Start to finish, print the data below exactly, without the images.

* **Data excerpt**
*****

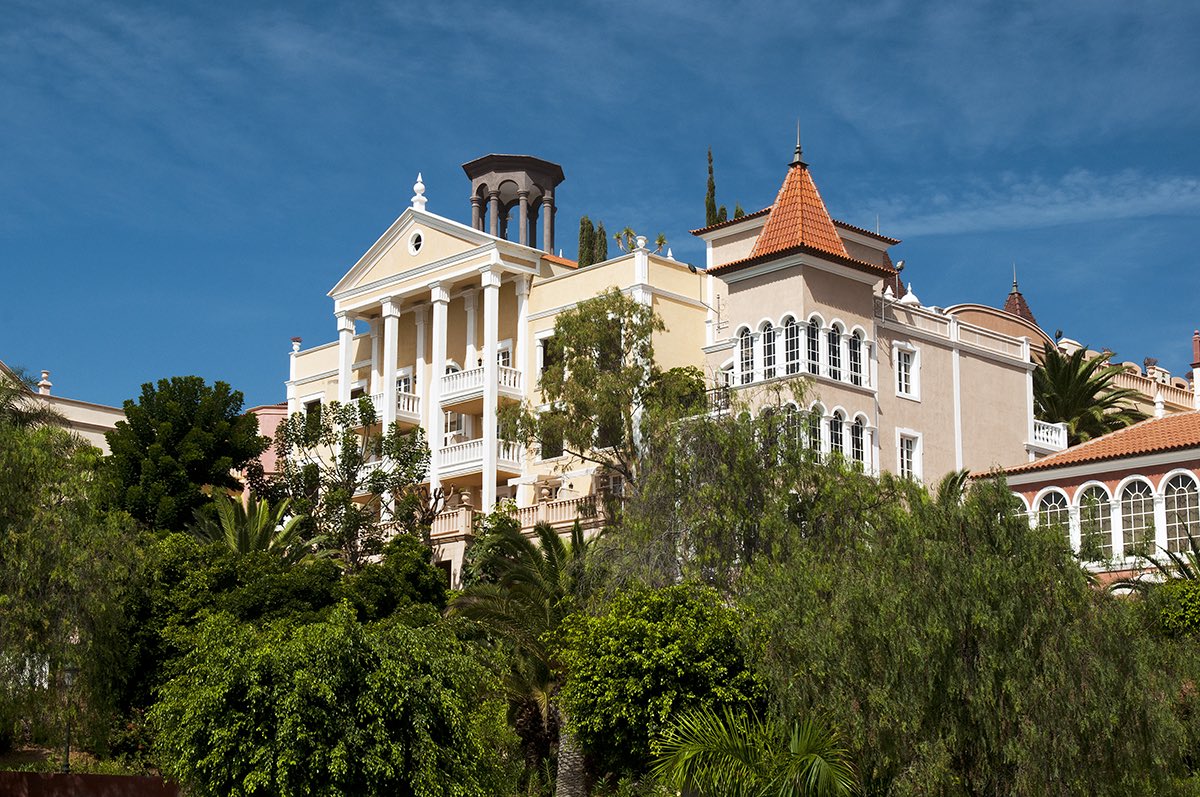 An Eden to lose yourself. 

With over 63.000sqm of lush tropical and subtropical vegetation, the gardens of Bahía del Duque create a natural paradise, which has in turn created a bio-climate of its own with more than 300 different species.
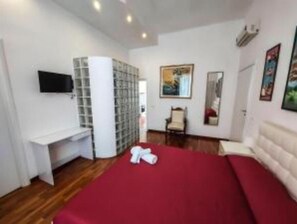 1 bedroom, desk, iron/ironing board, free WiFi - Casa Flora (Taranto)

*****

* **Result**
 An Eden to lose yourself. 

With over 63.000sqm of lush tropical and subtropical vegetation, the gardens of Bahía del Duque create a natural paradise, which has in turn created a bio-climate of its own with more than 300 different species.
 1 bedroom, desk, iron/ironing board, free WiFi - Casa Flora (Taranto)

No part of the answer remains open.